The following collection explores how some of the most well-known architects are creating new landmarks. From towers and masterplans to museums and galleries, the following designs are largely cultural in nature. Made to embrace larger ideas about society, context and how we come together, the projects represent how modern architecture is being made today. Showcasing a wide range of scales and different construction techniques, they are exploring what it means to design and build today.
Frank Gehry’s Luma Arles tower is nearing completion in the historic city of Arles in southern France. The structure was designed by Gehry as the centerpiece of the Luma Arles, an arts center established by Swiss collector Maja Hoffmann that began construction in 2014. The project sits at the site of an abandoned rail yard that had been vacant since 1986, and it connects two former rail structures which were converted into exhibition spaces.
Knight Dragon unveiled a new £1billion landmark, designed by international architect and engineer Santiago Calatrava, at the heart of its transformation of Greenwich Peninsula.
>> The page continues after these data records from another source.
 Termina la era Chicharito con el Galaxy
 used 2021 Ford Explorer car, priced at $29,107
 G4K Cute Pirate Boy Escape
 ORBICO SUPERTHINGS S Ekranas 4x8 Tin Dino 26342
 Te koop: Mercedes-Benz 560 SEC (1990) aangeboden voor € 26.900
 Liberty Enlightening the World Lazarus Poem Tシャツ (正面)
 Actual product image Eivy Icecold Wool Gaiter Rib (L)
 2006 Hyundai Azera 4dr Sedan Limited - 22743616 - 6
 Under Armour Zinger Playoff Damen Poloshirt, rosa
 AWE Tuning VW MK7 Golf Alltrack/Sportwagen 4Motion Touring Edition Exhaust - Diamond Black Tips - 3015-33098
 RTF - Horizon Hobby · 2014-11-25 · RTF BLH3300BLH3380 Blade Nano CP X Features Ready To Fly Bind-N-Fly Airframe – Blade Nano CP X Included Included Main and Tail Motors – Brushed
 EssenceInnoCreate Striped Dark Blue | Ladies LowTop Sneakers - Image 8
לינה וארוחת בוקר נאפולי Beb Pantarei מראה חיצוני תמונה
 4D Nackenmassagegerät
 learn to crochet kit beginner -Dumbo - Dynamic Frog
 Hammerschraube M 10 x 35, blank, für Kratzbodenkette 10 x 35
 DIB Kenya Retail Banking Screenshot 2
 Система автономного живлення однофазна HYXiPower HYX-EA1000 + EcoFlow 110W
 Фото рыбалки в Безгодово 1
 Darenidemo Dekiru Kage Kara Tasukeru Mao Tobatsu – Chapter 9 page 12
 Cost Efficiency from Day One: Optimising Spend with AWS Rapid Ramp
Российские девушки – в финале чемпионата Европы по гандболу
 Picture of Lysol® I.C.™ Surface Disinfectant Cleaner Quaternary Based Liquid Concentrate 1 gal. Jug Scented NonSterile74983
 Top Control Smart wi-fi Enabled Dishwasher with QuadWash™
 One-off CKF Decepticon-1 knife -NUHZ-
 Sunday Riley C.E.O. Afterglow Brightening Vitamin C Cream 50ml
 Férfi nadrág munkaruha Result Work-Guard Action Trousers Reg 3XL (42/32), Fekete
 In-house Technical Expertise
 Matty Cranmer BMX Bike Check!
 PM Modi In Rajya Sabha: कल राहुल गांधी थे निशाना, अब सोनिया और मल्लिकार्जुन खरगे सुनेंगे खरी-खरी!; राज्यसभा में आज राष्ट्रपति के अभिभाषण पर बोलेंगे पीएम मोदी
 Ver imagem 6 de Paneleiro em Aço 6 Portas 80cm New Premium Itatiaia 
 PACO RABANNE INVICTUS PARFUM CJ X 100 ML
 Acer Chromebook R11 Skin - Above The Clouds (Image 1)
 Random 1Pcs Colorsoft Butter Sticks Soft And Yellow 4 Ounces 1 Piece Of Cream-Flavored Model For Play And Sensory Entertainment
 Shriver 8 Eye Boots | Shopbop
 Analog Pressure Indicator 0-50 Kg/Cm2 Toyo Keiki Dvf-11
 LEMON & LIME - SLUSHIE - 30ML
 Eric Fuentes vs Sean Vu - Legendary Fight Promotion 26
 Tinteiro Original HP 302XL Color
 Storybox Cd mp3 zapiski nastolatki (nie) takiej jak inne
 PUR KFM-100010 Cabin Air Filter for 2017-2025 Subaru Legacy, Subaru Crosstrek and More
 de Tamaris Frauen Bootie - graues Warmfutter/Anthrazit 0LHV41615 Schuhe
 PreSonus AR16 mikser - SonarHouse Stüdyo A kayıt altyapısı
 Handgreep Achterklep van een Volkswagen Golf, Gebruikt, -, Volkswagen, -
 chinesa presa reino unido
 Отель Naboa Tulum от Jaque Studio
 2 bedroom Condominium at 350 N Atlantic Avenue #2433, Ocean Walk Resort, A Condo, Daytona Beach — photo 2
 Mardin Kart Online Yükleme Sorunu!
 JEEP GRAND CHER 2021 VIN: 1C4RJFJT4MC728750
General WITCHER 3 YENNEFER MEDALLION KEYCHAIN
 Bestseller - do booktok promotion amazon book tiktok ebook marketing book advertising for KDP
This major new landmark is set to transform Greenwich Peninsula, London’s emerging cultural district. Residents and visitors to the Peninsula will arrive from the tube into an 80ft high winter garden and glass galleria.
The scheme will total 1.4 million sq ft including a new tube and bus station, theatre, cinema and performance venue, bars, shops and a wellbeing hub. Above this will rise three towers of workspaces, apartments and hotels, all connected to the Thames by a new land bridge.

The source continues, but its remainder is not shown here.